Marquee moon dei
Television è uno di quei dischi perfetti, che hanno l’ostinata capacità di
resistere agli anni e alle mode. Un lavoro diverso da ogni altro,
originalissimo e dal suono inconfondibile. L’anno era il 1977, quando i clamori
del punk, dopo due anni o poco più, erano già sul punto di spegnersi; la
scintilla che tanto aveva infiammato l’Europa e l’America sembrava giunta alla
sua fine naturale, aver terminato il breve ciclo di combustione. D’altronde, il
“no future” era proprio uno dei principali inni del movimento.
I newyorkesi Television
erano capitanati da Tom Verlaine, la cui chitarra distorta, secondo la calzante
definizione di Patti Smith, aveva “un suono simile allo stridio di mille
uccelli”. Completavano la formazione Richard Lloyd alla seconda chitarra, Billy
Ficca alla batteria e Fred Smith al basso.
Il disco di esordio si
presenta talmente innovativo e convincente da costituire imprescindibile punto
di riferimento per tanti artisti che verranno dopo. Marquee moon non si
presta a facili definizioni, perché porta avanti il discorso del punk e lo
supera. Si potrebbe citare un altro lavoro coevo, ovvero The scream di Siouxsie
and the Banshees; rispetto a quest’ultimo, però, l’album di Verlaine e soci è
portatore di una forza ancora più dirompente. É l’anello di congiunzione tra il
punk e la new wave, tra due modi differenti di esprimere il malessere
esistenziale: se il primo era velocità e due accordi, i Television dimostrano
invece di saper suonare e, soprattutto, di farlo con un proprio stile.
Da rimarcare la
centralità dei testi. Il nome d’arte del leader del gruppo è un chiaro omaggio
al grande poeta francese; le sue liriche sono criptiche e visionarie, dense di immagini
distorte e riflesse, tra l’illusione e l’allucinazione. Raccontano il male di
vivere, l’incapacità di esprimersi dell’uomo contemporaneo. Un’immagine su
tutte: nel brano che dà il titolo all’album appare l’inquietante figura di
un’auto che esce da un cimitero e invita il protagonista a montare su, per
condurlo nei luoghi più remoti e oscuri del suo animo.
Otto le tracce. La
title track, di oltre dieci minuti, è un lungo viaggio nelle tentazioni
oniriche di Verlaine, un impasto stridente di chitarre che seguono due linee
melodiche diverse, con un perfetto innesto della sezione ritmica. Ipnotica e allucinante, è destinata a rimanere a lungo nella mente dell’ascoltatore.

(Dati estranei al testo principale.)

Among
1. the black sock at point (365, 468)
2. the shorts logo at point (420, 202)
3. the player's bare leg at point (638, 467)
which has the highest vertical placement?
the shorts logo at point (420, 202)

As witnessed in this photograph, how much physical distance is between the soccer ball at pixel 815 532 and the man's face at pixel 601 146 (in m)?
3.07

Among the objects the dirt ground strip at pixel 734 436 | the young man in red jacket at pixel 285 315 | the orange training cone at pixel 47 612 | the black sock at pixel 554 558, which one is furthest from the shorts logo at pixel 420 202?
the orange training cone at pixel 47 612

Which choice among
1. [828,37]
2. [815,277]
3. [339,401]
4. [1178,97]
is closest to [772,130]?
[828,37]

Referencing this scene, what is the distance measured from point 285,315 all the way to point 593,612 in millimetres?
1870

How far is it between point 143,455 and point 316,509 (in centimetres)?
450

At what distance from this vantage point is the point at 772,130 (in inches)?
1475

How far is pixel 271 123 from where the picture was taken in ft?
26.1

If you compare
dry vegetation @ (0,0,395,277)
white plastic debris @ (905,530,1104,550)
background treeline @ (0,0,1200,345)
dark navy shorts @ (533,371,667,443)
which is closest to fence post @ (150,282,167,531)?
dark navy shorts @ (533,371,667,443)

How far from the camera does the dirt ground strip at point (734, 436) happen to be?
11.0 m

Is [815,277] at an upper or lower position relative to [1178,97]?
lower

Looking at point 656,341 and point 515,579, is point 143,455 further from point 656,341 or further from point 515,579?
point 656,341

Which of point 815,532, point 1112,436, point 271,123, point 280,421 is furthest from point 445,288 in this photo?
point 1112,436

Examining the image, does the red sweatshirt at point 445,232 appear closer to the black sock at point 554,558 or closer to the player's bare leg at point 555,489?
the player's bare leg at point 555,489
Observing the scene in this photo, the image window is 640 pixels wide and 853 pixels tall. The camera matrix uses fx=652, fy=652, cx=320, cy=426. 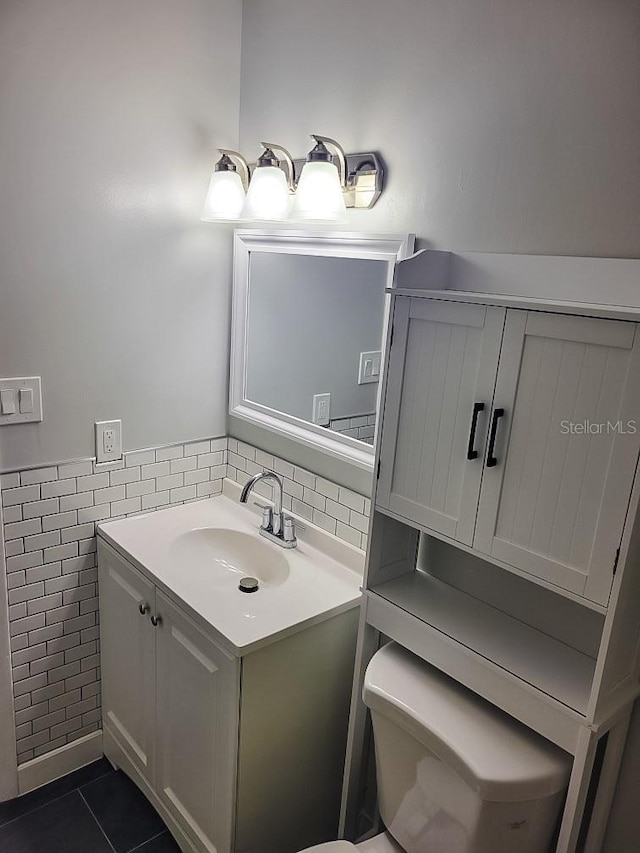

Seguono le divagazioni crepuscolari di Friction ed Elevation, gli sprazzi di
luce di Guiding light (a dirci che non tutto è perduto), la melodia
apparentemente balneare di Prove it, nonché quello che – a mio modesto avviso –
è il capolavoro dell’intero disco: Venus. Il brano, che richiama atmosfere velvettiane,
è un incedere maestoso culminante nell’epico ritornello, dove Tom, senza
nascondersi, ammette di essere “caduto tra le braccia della Venere di Milo”,
approdo di un’esistenza votata all’indagine degli aspetti più reconditi e immaginari dell’esperienza umana. Chiude il disco Torn curtain, epica e
teatrale, che lascia intravedere altri mondi possibili oltre il velo della
tenda, al di là dello scuro sipario.
A quasi quarant’anni
dall’uscita, resta un disco fondamentale, che avrebbe meritato ben altra
fortuna. I Television spariranno di lì a poco, ma con l’orgoglio di aver
composto un lavoro originale, l’anello mancante, la traccia di collegamento tra
il punk e la new wave. Il tutto senza dimenticare il passato, che portava i
nomi di Velvet Underground, Jefferson Airplane e 13th Floor Elevators.